Why detain him? Despite being a respected professor of religion and peace processes, the Trump administration targeted Dr. Suri for his constitutionally-protected speech on Palestinian rights and for his association with his wife, a U.S. citizen of Palestinian origin. Even now, the government is trying to appeal the decision that freed Dr. Suri just so that it can re-detain him.
But the First Amendment protects all of us – regardless of our citizenship – from being targeted by the government for our political speech.
This year, the Trump administration has tried to silence speech it doesn’t agree with by going after people like Dr. Khan Suri and Mahmoud Khalil. But ideas are not illegal – so we’re fighting back. Americans don’t want to live in a country where the federal government “disappears” people whose views it doesn’t like.
ICE arrests have increased significantly in Virginia this year – over 300 percent – in a state where one in four people is either a child of an immigrant or an immigrant themselves. Only five states have seen a larger increase in immigration arrests than Virginia, according to reporting by the New York Times.
In October, we filed a lawsuit on behalf of four young immigrants and a class of others who came to the U.S. as unaccompanied minors who had been abused, neglected, or abandoned. Federal laws say that these individuals have a legal right to be in the United States. But ICE ignored the law, rounded those young people up, and is unlawfully holding them in detention centers anyway.
Congress established a pathway to citizenship almost 40 years ago for children who have been abused, neglected or abandoned. Our clients are following the rules that have long been established to obtain residency and citizenship – but ICE is breaking those rules.
People who came to the U.S. as unaccompanied minors are protected from being held in immigration detention centers without access to bond, both by anti-trafficking laws and the pathway Congress established. But ICE is ignoring the law – ultimately causing the very chaos and confusion the Trump administration claims it’s working to fix.
This year, ICE’s determination to rip families apart has created a humanitarian crisis in ICE facilities, including those in Virginia, where there are two major ones.
Our legal team is investigating those conditions, showing up at courthouses in Virginia when we get tips ICE is present, and most crucially, mobilizing communities across the Commonwealth to know their rights. We’re working closely with coalition partners to share information and investigate abuses, so that together, we can empower Virginians to defend their neighbors right alongside us.
Since January, we’ve done more than 30 Know Your Rights workshops in multiple languages for interacting with ICE and the police.
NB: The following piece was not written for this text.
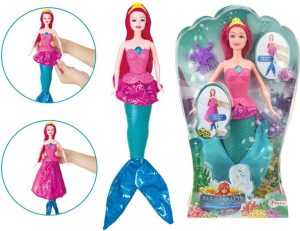 Meerjungfrau mit wechselbarem Kleid 30 cm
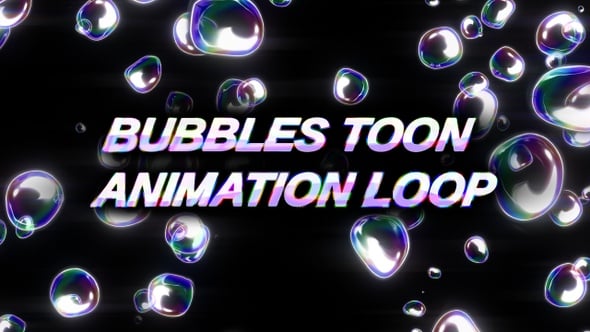 Bubbles Toon Animation Loop, Elements Motion Graphics ft. bubble ...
And we've done over a dozen trainings about gender-affirming care, name and gender-marker changes, and the avalanche of the Trump administration’s anti-transgender executive orders.
This summer, when the Supreme Court ruled that states can ban lifesaving, gender-affirming medical care for young people, we also hosted a webinar for trans Virginians and their families. Our goal: make a complicated legal opinion actionable for the very communities it affects. After all, to exercise your rights, you have to know what they are. We’re committed to making sure that all Virginians – and especially the Virginians who need them most – know their rights and can help their neighbors know them, too.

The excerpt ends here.